Never has there been so much excitement surrounding a seventh round NFL Draft pick ... until now that is. When the St. Louis Rams drafted Missouri defensive lineman Michael Sam. The Rams had to know they were getting more than your run-of-the-mill seventh rounder. Sam announced that he was gay before February's NFL Combine, a week's worth of workouts held in Indianapolis that NFL teams use to gauge the attributes of draft prospects.

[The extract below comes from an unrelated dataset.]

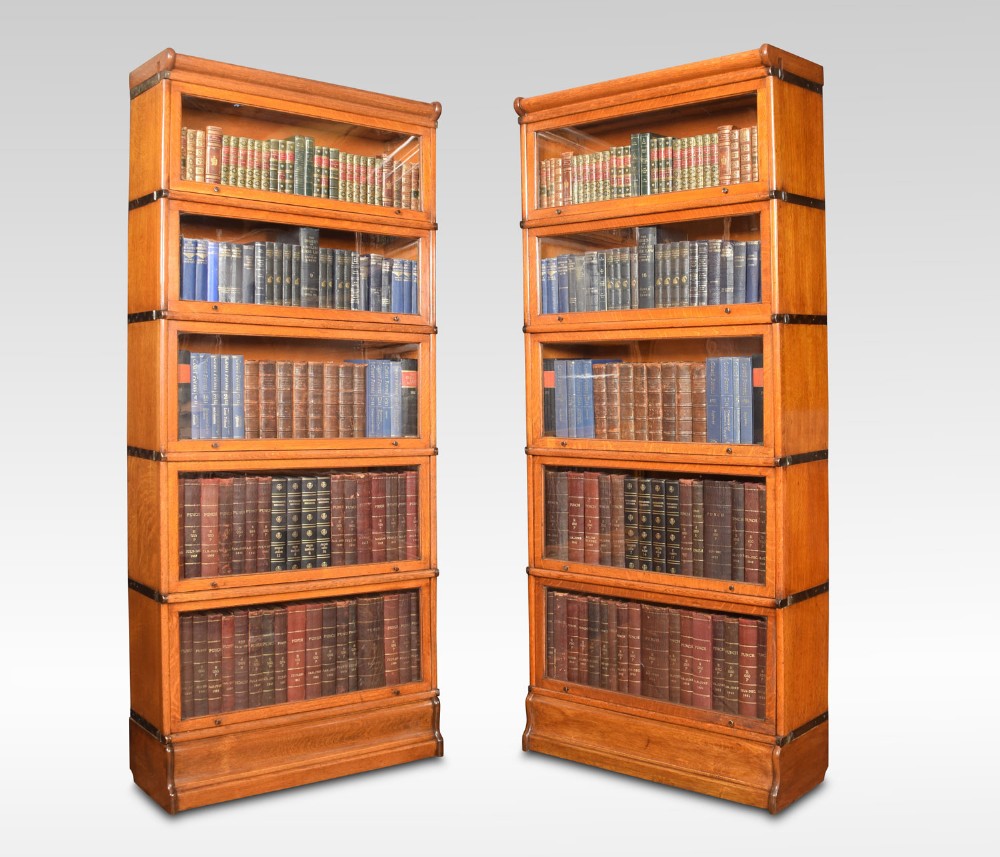 Pair of oak globe Wernicke five section bookcases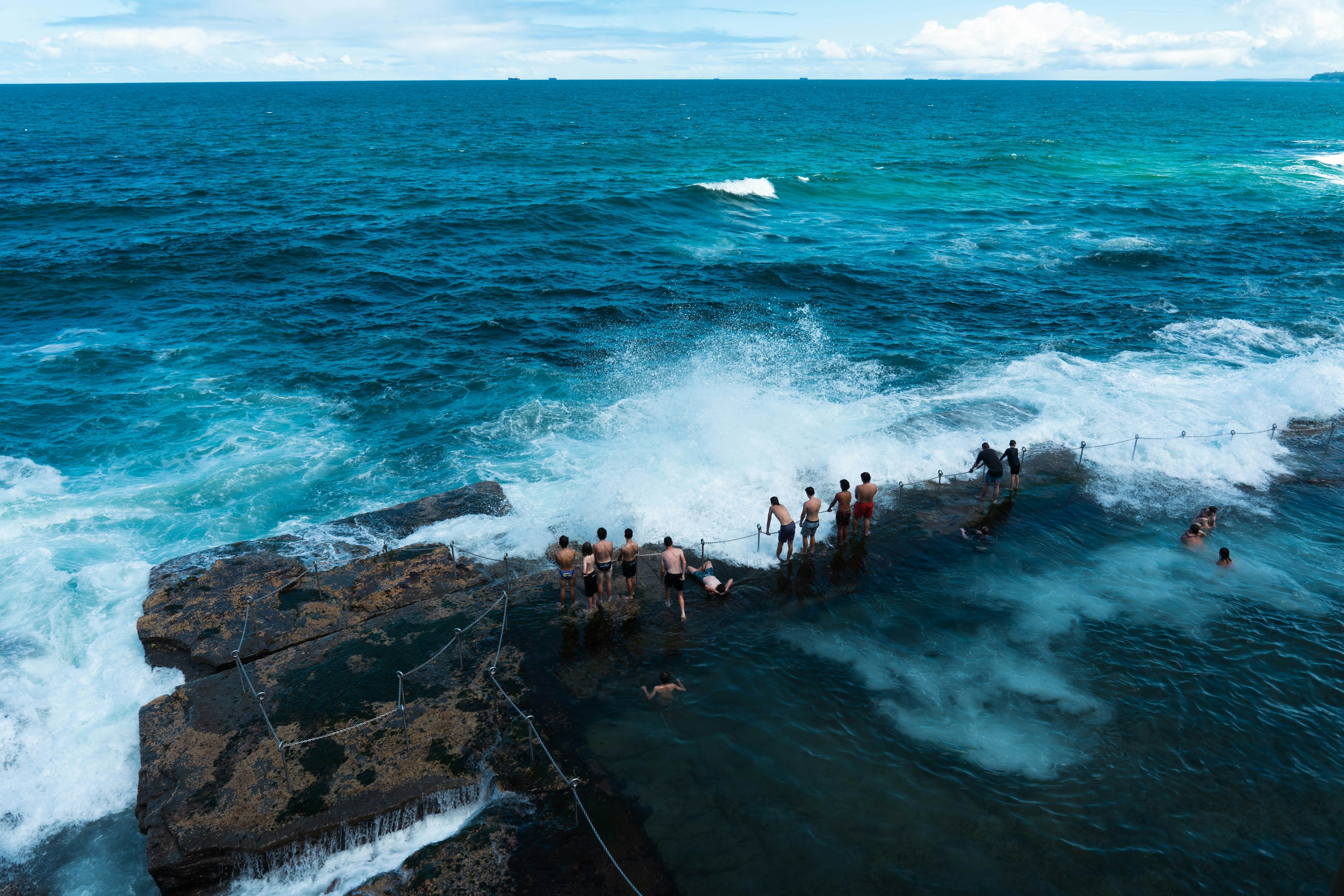 People stand on the rim of an ocean bath carved into the rock cliffs, as waves from the Pacific Ocean crash over them, Newcastle, New South Wales, Australia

After what NFL Scouts called a less-than-stellar combine, he was projected to fall in the fourth or fifth rounds, but when he fell further down in the seventh-round, a few eyebrows were raised. Could it be his sexual orientation? Doubt it. But, Sam said through the Associated Press " I should've been drafted in the first three rounds based on last season alone." A somewhat valid statement for the SEC defensive player- of the -year and All-American, but how will his teammates react in St. Louis ... time will tell.
I have no problem with Sam being the first openly gay NFL player, but what I do have a problem with is his arrogance. Sam only a few days after the draft signed his first endorsement deal with the Opra Winfrey network for a reality television show to document his experience in the NFL ... is everyone forgetting that he has not made the team, yet? Hopefully, for the Opra Network's sake, Sam does not repeat what Tim Tebow did in Patriots training camp last summer.
Tebow stuck around for the first four weeks of camp before he was cut.
Tebow brought the media circus with him, and there is no question Sam will as well. The Rams front office better hope that the public relations staff works extra hard with its players, so when they are pressed about all the cameras at practice and the attention surrounding Sam, they won't respond with an arrogant comment. According to Christopher Gasper, of theBoston Globe, Sam and the Opra Winfrey network announced that the series would be postponed.
Reality television is a niche market that no matter what the subject matter is, there is a group that is willing to watch it. The NFL already has an HBO series called 'Hard Knocks', where camera crews document everything from when a player is cut from the team to standard practice drills. It is a smart move by OWN to postpone the series, not for the backlash it might receive, but for the simple fact that it might cause some tension in the Rams' locker room. Gay or straight, it should not matter as long as Sam can do the job St. Louis head coach Jeff Fisher asks of him. I think it takes a lot of courage to make an announcement like that before one of the biggest moments in his football career -- not sure of what the reaction might be of potential employers. In actuality, it should not matter.
It's 2014, and gay people are widely accepted. Sam kissed his boyfriend on national television when he was selected -- many in the media dubbed that as the "kiss seen round the world." I don't agree with the attention Sam is getting worldwide for making his sexual orientation public -- pretty soon hearing that someone is gay will be as common as being straight. It should not matter.
I prefer to watch quality football games, and if Sam can play up to the level or higher of his peers then, welcome to the league. There are those out there who will say the Rams will not cut him regardless of his performance because of the backlash it would face in the media. If the Rams keep a sub-par player that's their prerogative, but if it is because he is the first openly gay NFL player, that would be a blow to their credibility. Sam should have the same chance to make the team as any other draft pick. If he's good keep him, if not cut him. It's that simple, folks.